Twee miniatuur Delftse muiltjes, 1750-1800, 17,5 cm lang

 

Sier aardewerk

Vanaf het begin van de 18 eeuw hielden steeds meer werkplaatsen zich bezig met de toepassing van verschillende kleuren. Ook experimenteerden ze volop met vermenging van verschillende glazuren, waardoor er nieuwe kleuren als olijfgroen, zwart en bruin bijkwamen. Nieuwe schilder- en baktechnieken en verbetering van bestaande productiemethoden resulteerden in een grotere diversiteit in kleurstellingen. Door de toenemende welvaart, verdere perfectionering en het grotere assortiment steeg de vraag naar sier-aardewerk explosief. Voorwerpen die voorheen van hout, zilver, tin of koper waren, werden nu gemaakt in aardewerk. Complete serviezen, beeldjes en tafelstukken, kandelaars, sierschotels en monumentale vazen vonden gretig aftrek. Ook tal van voorwerpen die onze voorouders in huis gebruikten kennen we in een ‘Delftse’ uitvoering: olie- en azijnstellen, bierpullen, suikerstrooiers, botervlootjes, tabakspotten en theebussen. Terwijl de lage bloemenvazen met tuiten en obelisken, die tegenwoordig enorme bedragen opbrengen in de antiekhandel, destijds de feestelijke dinertafel hebben opgeluisterd. Zelfs objecten die zich eigenlijk niet leenden voor een uitvoering in aardewerk waren prominent in het ‘rijkere’ interieur aanwezig; zoals vogelkooien, kroonluchters, (sier)violen, pruikenstandaards en spiegellijsten. Kaststellen en kommen kregen een plek op statige, 17e eeuwse kasten. Inventarislijsten uit die tijd vermelden dat schalen en sierschotels op ‘rackjes’ stonden en men spreekt van ‘gebacken steens schilderytjes`: tegeltableaus en geschilderde wand-plaquettes. Daarnaast zijn er tal van curieuze objecten gemaakt. Zoals de karakteristieke melkkannen, vormgegeven als aangeklede aapjes. Sommige exemplaren hebben een steek op waarvan de bolling uitneembaar is. En vaak verraadt het opschrift het gebruik: ‘kees is goet – hij geeft melk in overvloet – als je sijn buik maar vol doet’. Ze waren uiterst populair. Evenals de groot formaat gekleurd Delftse kraantjeskannen, vormgegeven als elegante dame, corpulente man of dronkenlap. Door middel van een (koperen) kraantje kon het glas worden gevuld. Het losse hoofd dient als afsluiting, als een kurk op een fles. Delftse miniatuur schoentjes of muiltjes (zgn. ‘trippen’) werden waarschijnlijk als speels huwelijksgeschenk gegeven en konden als cadeau ook een verholen erotisch getinte boodschap bevatten.  

Museale status

Het sier- en ‘pronk’ Delfts was al in de loop van 17ee eeuw een gewild exportproduct. Er zou echter een einde aan de voorspoed komen: de uitvinding en opkomst van de porselein productie in Europa betekende het einde voor de bloei van het Delftse aardewerk. In de 19e eeuw waren er nog vijf plateelbakkerijen in bedrijf. Na 1858 is het er nog maar één: de sinds 1653 in deze branche werkzame ‘De Porceleyne Fles’.
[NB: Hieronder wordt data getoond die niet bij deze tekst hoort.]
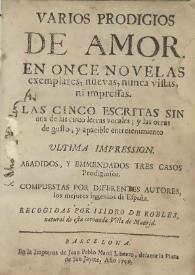 Varios prodigios de amor. En once novelas exemplares, nuevas, nunca vistas, ni impressas. Las cinco escritas sin una de las cinco letras vocales ; y las otras de gusto, y apacible entretenimiento  / compuestas por diferentes autores, los mejores ingenios de España ; recogidas por Isidro de Robles ... | Biblioteca Virtual Miguel de Cervantes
Leek het fenomeen Delfts aardewerk definitief uit de gratie te zijn; aan het einde van de 19e eeuw ontstond een herwaardering voor het inmiddels antieke Delftse aardewerk. Met name (buitenlandse) collectioneurs zagen het kunsthistorische belang en de schoonheid van dit specifieke product als eersten. De plateelschilder van weleer werd nu als kunstenaar beschouwd.
Omdat vooral de kostbaarder en luxueuze sier- en gebruiksvoorwerpen bewaard zijn gebleven, vormt deze groep het zwaartepunt in de collecties en  openbare museale verzamelingen. Aan menige museale Delfts aardewerk verzameling ligt particuliere verzameldrift ten grondslag. Onlangs kreeg het Kunstmuseum Den Haag (de op 1 oktober jl. ingevoerde naam) een ongekende aanvulling van hun Delfts collectie door een langdurig bruikleen. Het betreft een verzameling van wereldniveau: de Lavino collectie van de in 2005 overleden Nederlandse staalindustrieel Meijer Lavino en zijn echtgenote Paula Lavino-Ridderhof.  
 

Gekleurde Delftse melkkannen, 1750-1770, circa 22 cm hoog

 

Het echtpaar Lavino, verzamelaars pur sang 

Deze unieke verzameling, die nooit eerder publiekelijk te zien is geweest, bevat bijna het complete assortiment van het artistieke vakmanschap van de Delftse plateelbakkers uit de periode 1660 tot 1820. De encyclopedische waarde van de Lavino collectie is uitzonderlijk. En zeker als geheel is die van onschatbare waarde. Niet alleen kocht de naamgever breed en divers aan; hij bracht ook paren samen en zelfs een veelvoud aan stellen. Naast variaties in het vorm-assortiment bracht Lavino Delfts aardewerk in alle decoratietechnieken bijeen. Van het ingetogen monochrome wit tot blauw/wit gedecoreerd, van bonte kleuren tot in pasteltinten uitgevoerde voorwerpen met vergulde details. Daarnaast had de gepassioneerde verzamelaar, in zijn aankoopbeleid bijgestaan door verschillende experts, een scherp oog voor de hoogste kwaliteit. Hij kocht bij gerenommeerde, in antiek aardewerk gespecialiseerde antiquairs en was een trouw bezoeker van Kunst- en Antiekbeurzen als de TEFAF en de PAN waar hij menige opmerkelijke ‘vondst’ deed. De verzameling tal van vormstukken telt die absoluut uniek zijn. Het is ongelofelijk dat Lavino deze kwalitatief en kwantitatief hoogstaande verzameling in een tijdsbestek van slechts twintig jaar bijeen heeft gebracht. Hij breidde zelfs noodgedwongen zijn woonhuis uit met een tuinkamer om alles een plek te kunnen geven. Het echtpaar Lavino leefde letterlijk te midden van hun ruim duizend objecten tellende verzameling: al het Delfts stond opgesteld in speciaal ontworpen vitrinekasten, op tafels en hing aan de wand tot in de keuken aan toe.’ Tot 1 maart 2020 worden rond de 900 voorwerpen uit deze verzameling getoond in de tentoonstelling ‘De Lavino Collectie – Staalkaart van Delfts aardewerk. 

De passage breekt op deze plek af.